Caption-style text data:
----------------------------------------

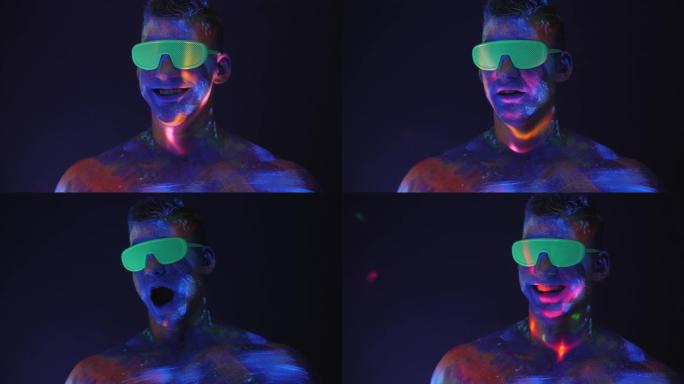 一个肌肉发达的男人的肖像，在黑暗中他的脸和身体上有紫外线图案。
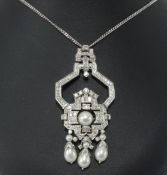 An art deco style diamond and pearl pendant and chain, set within an arrangement of round and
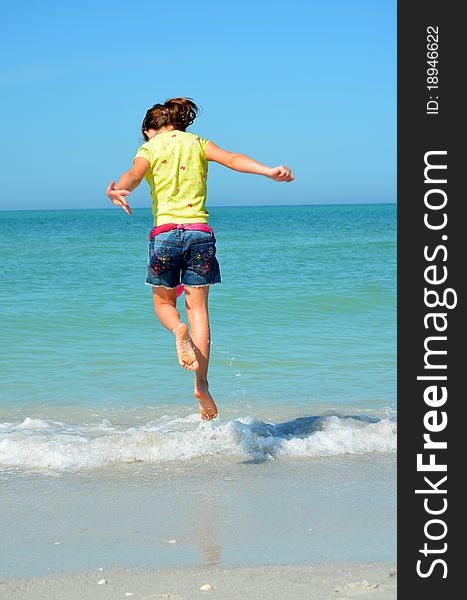 Young girl jumping over waves at the beach. Young girl jumping over waves at the beach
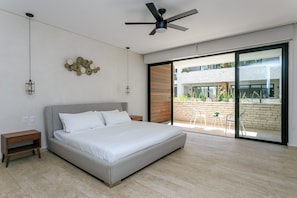 A modern bedroom with a large bed, a ceiling fan, and a sliding glass door leading to an outdoor patio. - Beautifully Minimalistic Studio Wrapped in Nature by Stella Rentals (Tulum)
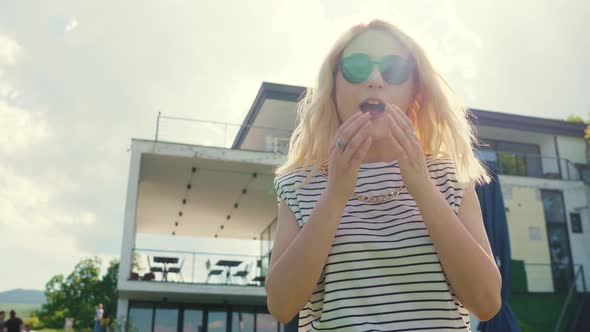 Confident Blond Girl From Below Looking Down at the Camera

----------------------------------------

Task to carry out: Start with the line that holds "An art deco" and retype each line through the last one in the data, exactly and without pictures.

Result of this exercise:
 An art deco style diamond and pearl pendant and chain, set within an arrangement of round and
 Young girl jumping over waves at the beach. Young girl jumping over waves at the beach
 A modern bedroom with a large bed, a ceiling fan, and a sliding glass door leading to an outdoor patio. - Beautifully Minimalistic Studio Wrapped in Nature by Stella Rentals (Tulum)
 Confident Blond Girl From Below Looking Down at the Camera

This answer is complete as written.